The family can be rediscovered by reason, listening to the moral law written
on the human heart. As a community "founded and vivified by love" (cf. Apostolic
Exhortation Familiaris consortio, 18), the family draws its strength from
the definitive covenant of love in which a man and a woman give themselves
reciprocally, together becoming collaborators with God in the gift of life.
On the basis of this source-relationship of love, those relationships
established with and among the other members of the family must be inspired by
love and characterized by affection and mutual support. Far from closing the
family in on itself, authentic love opens it out to all of society, so that the
little domestic family and the large family of all human beings are not in
opposition, but in intimate and authentic relationship. All of this is rooted in
the very mystery of God, which the family evokes in a special way. In fact, as I
wrote some years ago in my "Letter to Families", "in light of the New Testament
it is possible to catch a glimpse of the original model of the family in God
himself, in the Trinitarian mystery of his life. The divine "We" constitutes the
eternal model of the human "we"; of the "we" first of all that is formed by the
man and the woman, created in the divine image and likeness" (n. 6: Teachings
XVII/1 , 332).
3. God's fatherhood is the transcendent source of every other human
fatherhood and motherhood.
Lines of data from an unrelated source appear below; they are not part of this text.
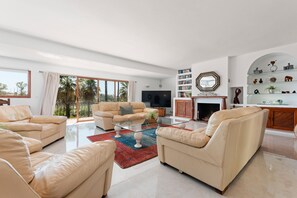 Fernseher, Kamin, Tischtennisplatte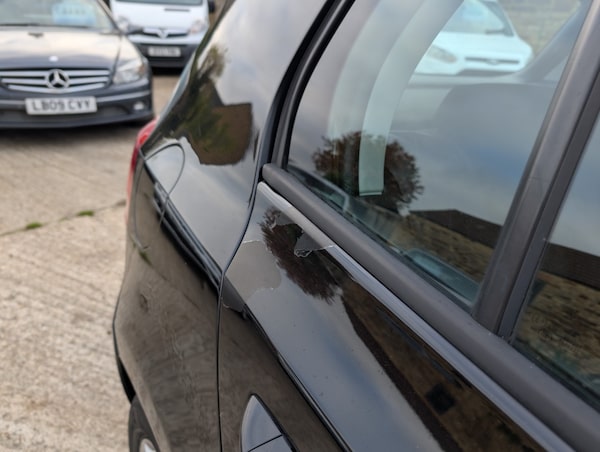 Used Volkswagen Golf 2010 for sale - 76220305: Photo 9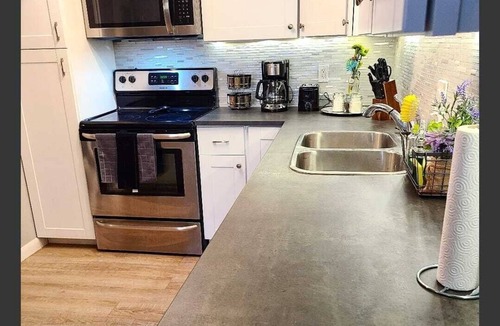 St. Johns Condo | Modern ATX Getaway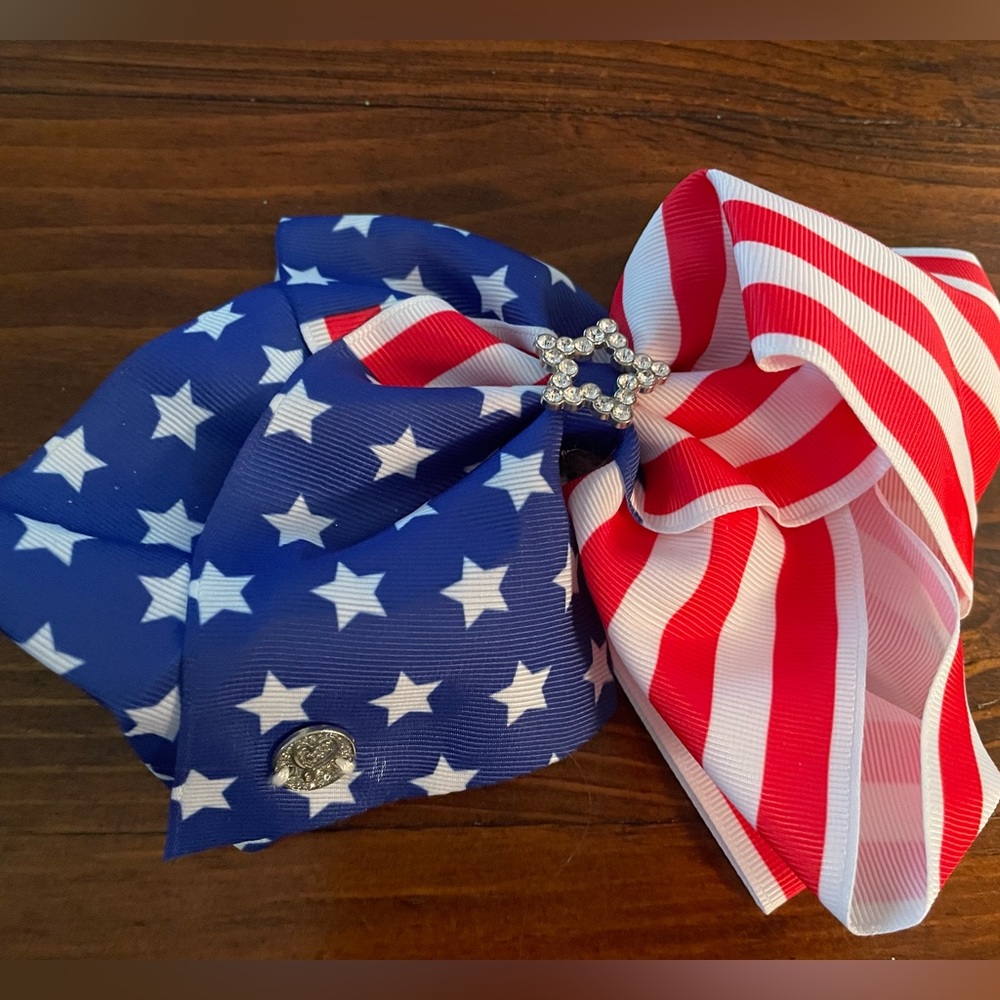 Jojo Siwa signature collection American Flag bow hair clip.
Contemplating it with love, we must feel our
responsibility to rediscover that richness of communion, generation and life
that characterizes marriage and family.
Interpersonal relations develop in the family in which each person is
entrusted with a specific job, yet without rigid schematisms. I do not intend
here to refer to those social roles and functions that are expressions of
particular historical and cultural contexts. Rather I am thinking of the
importance that they hold in the reciprocal spousal relationship and in the
communal responsibility of the parents, figures of man and woman in how they are
called to live out their natural characteristics within the bounds of a
profound, enriching and respectful communion. "To this 'unity of the two' God
entrusts not only the work of procreation and the life of the family, but the
very construction of history" (Letter to Women, 8: Teaching
XVIII/1 '1994', 1878).
4. The child then must be understood as the maximum expression of the
communion between man and woman, the reciprocal acceptance/donation that is
realized and transcended in a "third," who is that child. The child is God's
blessing. He transforms husband and wife into father and mother (cf. Apostolic
Exhortation Familiaris Consortio, 21). Both "go out from themselves" and
express themselves beyond themselves in a person, the very fruit of their love.
In a special way the ideal expressed in Jesus' priestly prayer can be applied
to the family. In this prayer he asks that his unity with the Father involve the
disciples (cf. Jn 17:11) and those who believe in their word (cf. Jn 17:20-21).
The Christian family, as "domestic Church" (cf. Lumen Gentium, 11), is
called to realize this ideal of perfect communion in a special way.
5. As we approach the conclusion of this year dedicated to meditation on God
the Father, let us rediscover the family in the light of divine paternity. By
contemplating God the Father we can deduce above all an urgency, particularly
regarding the challenge of the present historical time.
To look at God the Father means to understand the family as the place of
acceptance and promotion of life. It is the laboratory of fraternity where, with
the help of the Christ's Spirit, "a new fraternity and solidarity, true
reflection of the mystery of reciprocal donation and acceptance proper to the
Holy Trinity" (Evangelium vitae, 76) is created among us.
From the renewal of the experience of the Christian family, the Church will
be able to learn to cultivate, among all the members of the community, a more
family-like dimension, adopting and promoting a more human and fraternal
relational style (cf. Apostolic Exhortation Familiaris Consortio, 64).